Religious beliefs — discrimination or dogma?

Religious beliefs — discrimination or dogma? August 16, 2015

I was born in Kentucky.
At the time of my birth, in 1967, it was illegal in Kentucky, and throughout the south, for black people to marry white people.

Miscegenation laws, some of them more than 150 years old, prohibited some people from having equal access to the legal privileges of marriage that others enjoyed.
Those laws were struck down June 12, 1967, with the Supreme Court decision of Loving v. Virginia. (A movie about the Loving’s story is currently being filmed in Virginia. It will be released next year.)
As recently as 2009, a Justice of the Peace in Louisiana refused to marry an interracial couple.
The opposition was vocal. Gov. Bobby Jindal said

“the state judiciary committee should review the incident in which Keith Bardwell, justice of the peace for Tangipahoa Parish’s 8th Ward, refused to issue a marriage license to Beth Humphrey, 30, and her boyfriend, Terence McKay, 32, both of Hammond.
“This is a clear violation of constitutional rights and federal and state law. … Disciplinary action should be taken immediately — including the revoking of his license,” the Republican governor said.

In a sickeningly twisted irony, or perhaps simply twisted morality, today Gov.
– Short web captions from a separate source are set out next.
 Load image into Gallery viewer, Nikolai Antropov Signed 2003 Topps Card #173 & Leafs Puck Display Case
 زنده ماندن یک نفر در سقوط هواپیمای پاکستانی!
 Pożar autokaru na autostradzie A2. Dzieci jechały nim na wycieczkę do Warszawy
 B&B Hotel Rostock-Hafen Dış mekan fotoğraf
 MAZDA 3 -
Jindal opposes same sex marriage and supports a Constitutional amendment banning it.
The Supreme Court says discrimination is wrong, year after year. And year after year people still demand the right to discriminate, whether it’s against blacks, or women, or gays.
Kentucky’s Rowan County Clerk Kim Davis refuses to do her job and issue marriage licenses because she thinks she’s taking a stand for her religious beliefs.
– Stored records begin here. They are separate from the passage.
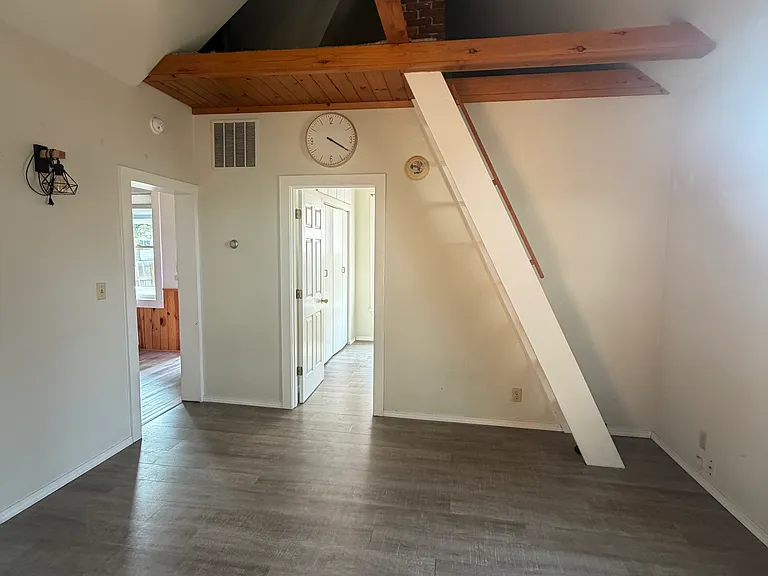 612 N Pacific St — Photo 13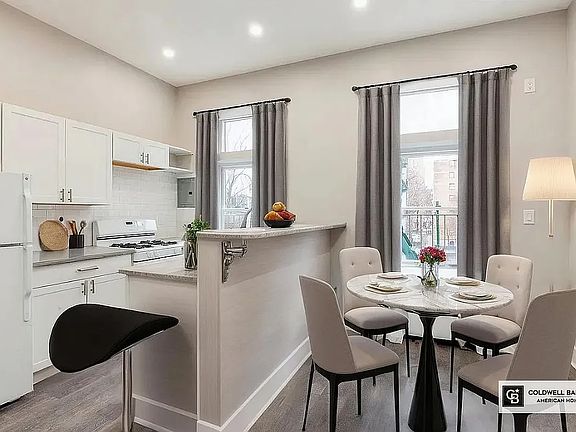 3rd image of 344 E 116th St #4D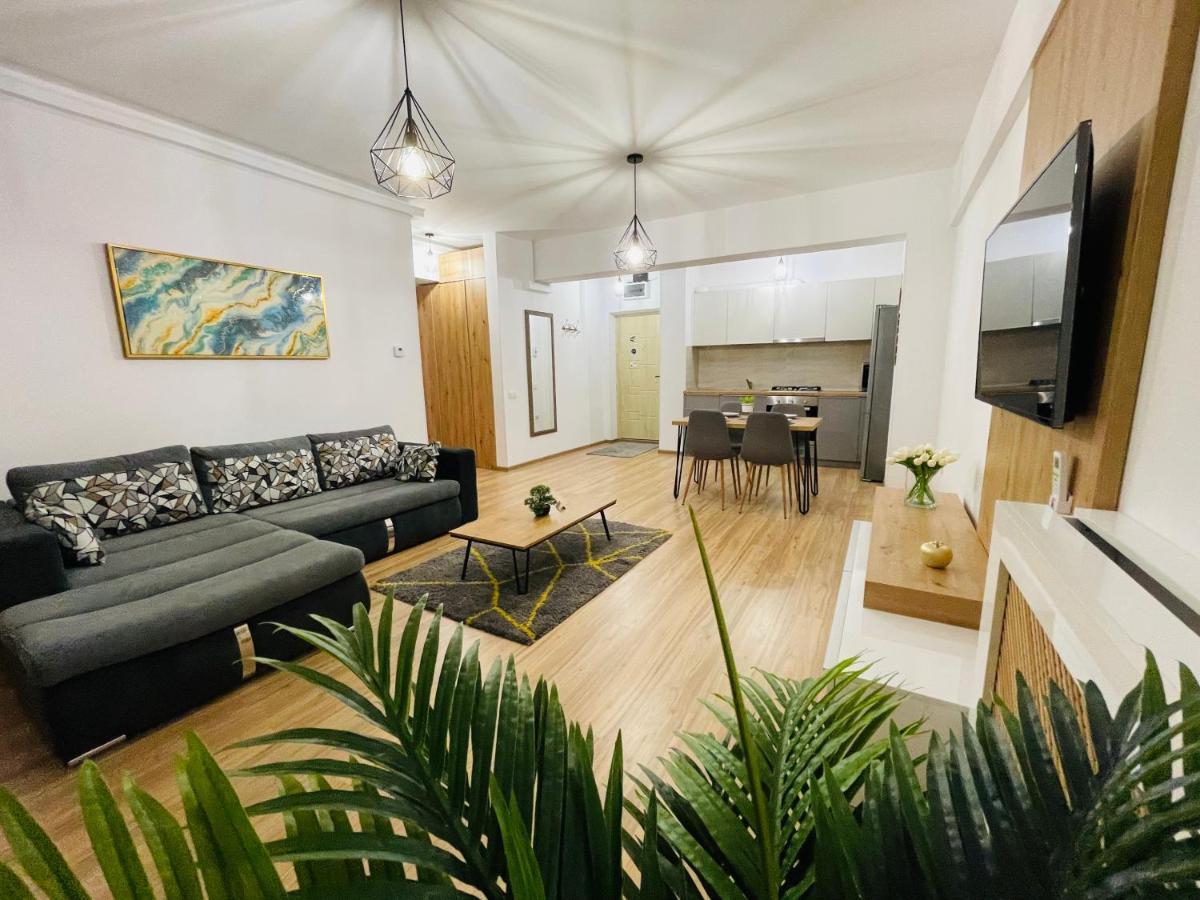 Royal Moonlight Apartment 마마이아 외부 사진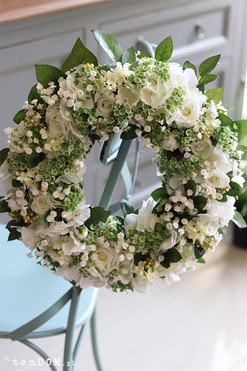 Etiuda, delikatny kwiatowy wianek na drzwi, śr.38cm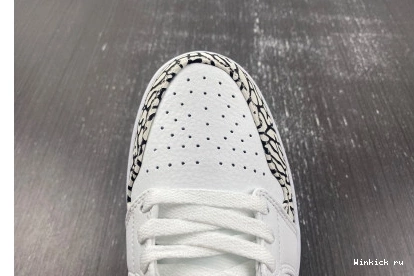 1 Jordan Low Cement Phat Grey 1025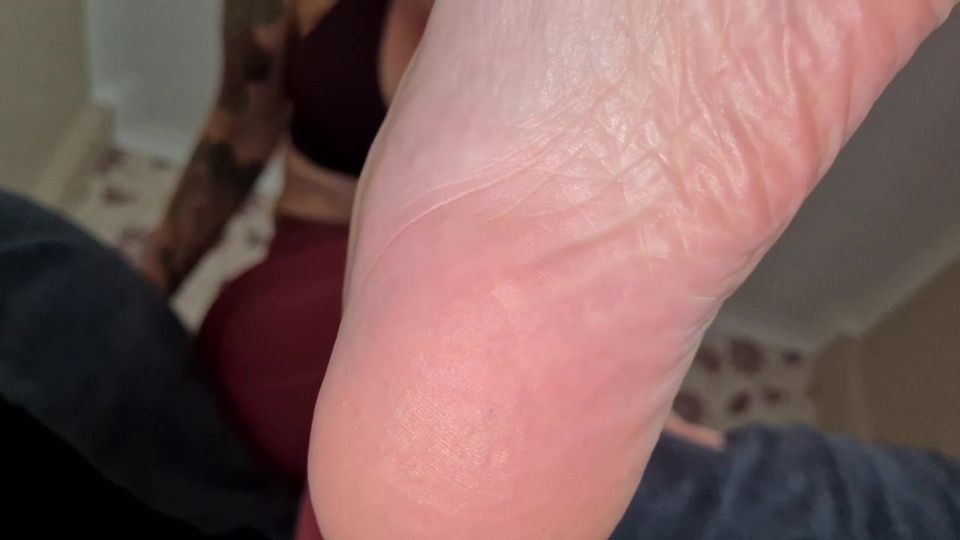 Pt 3Ruby Onyx - Sweaty Gym Feet Punishment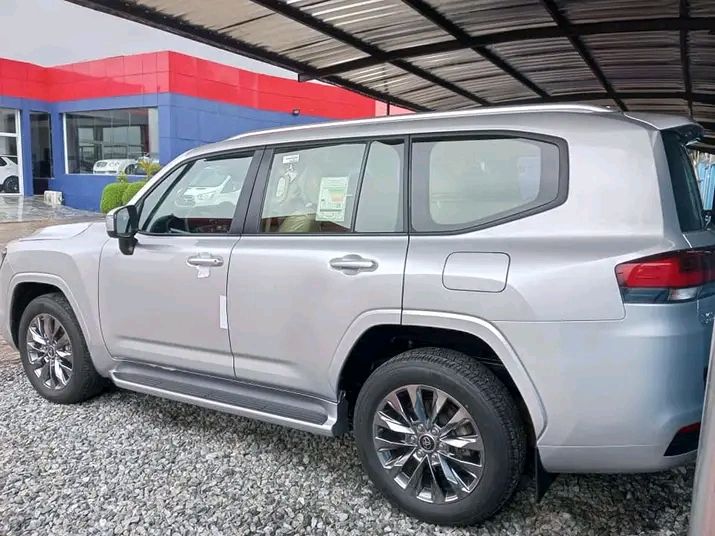Toyota Land Cruiser • 2020 • 50,000 km 2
Clerk turns away same-sex couple after federal judge orders her to issue marriage licenses

“Kim Davis is resolute in vindicating her rights,” said her attorney, Roger Gannam, senior litigation counsel at Liberty Counsel, a religious advocacy group. “Fundamentally, we disagree with this order because the government should never be able to compel a person to violate their sincerely held religious beliefs.”
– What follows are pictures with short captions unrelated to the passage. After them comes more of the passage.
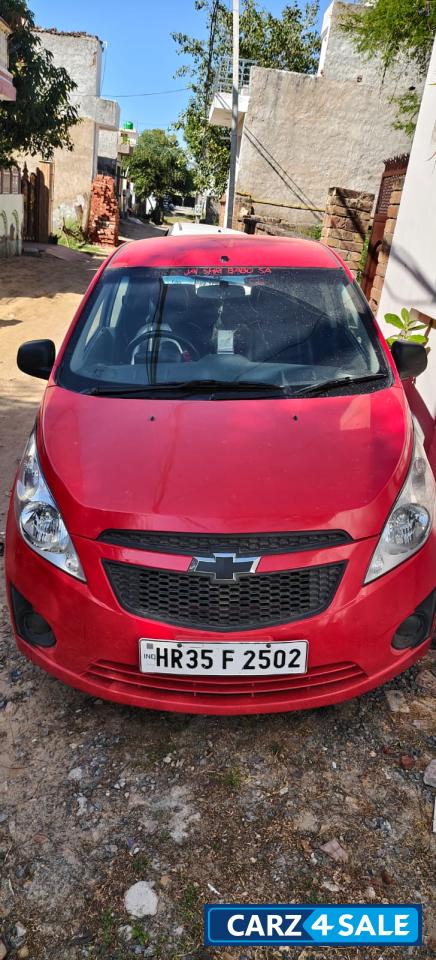 Super Red Chevrolet Beat ls petrol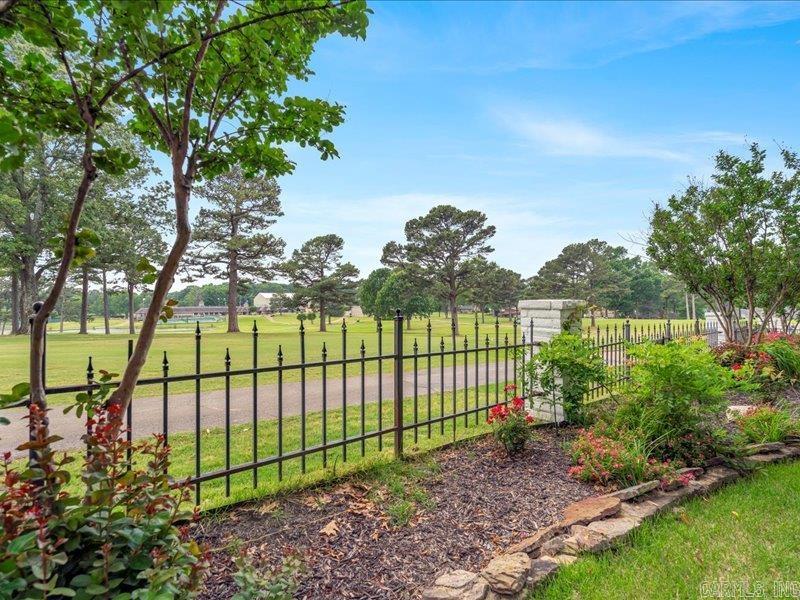 1005  Fairway  Jonesboro, AR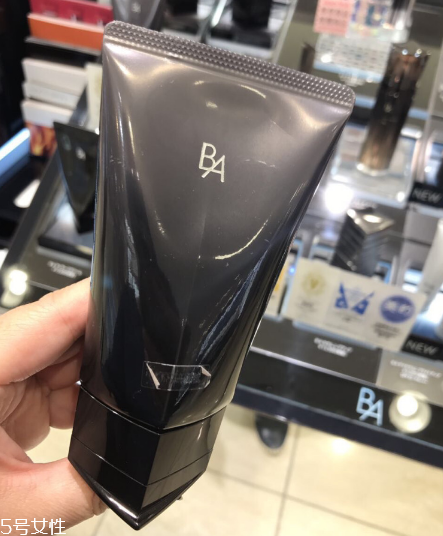 pola黑ba洗面奶好用嗎？挑不出毛病的一款洗面奶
But religious freedom is like every other freedom – your freedom ends where someone else’s freedom begins.
The freedom she thinks she’s protecting isn’t her freedom to express her religion, she’s free to do that anywhere but in her public office. The freedom she’s protecting is her freedom to discriminate.
There is no difference between discriminating against a black man and a gay man – It’s still discrimination.
If your religion calls for you to discriminate, and evidently Kim Davis’ understanding of Christianity means she needs to discriminate, then your religion isn’t a religion, it’s a dogma.
Kim Davis may sincerely think she’s doing what her faith demands as she discriminates in her public office. But her version of Christianity is as though she’s looking at a photo of a turkey hotdog, and thinking she’s eating Thanksgiving dinner.
She may think she’s behaving like a Christian, but in reality, she’s worshiping a dogma and calling it God.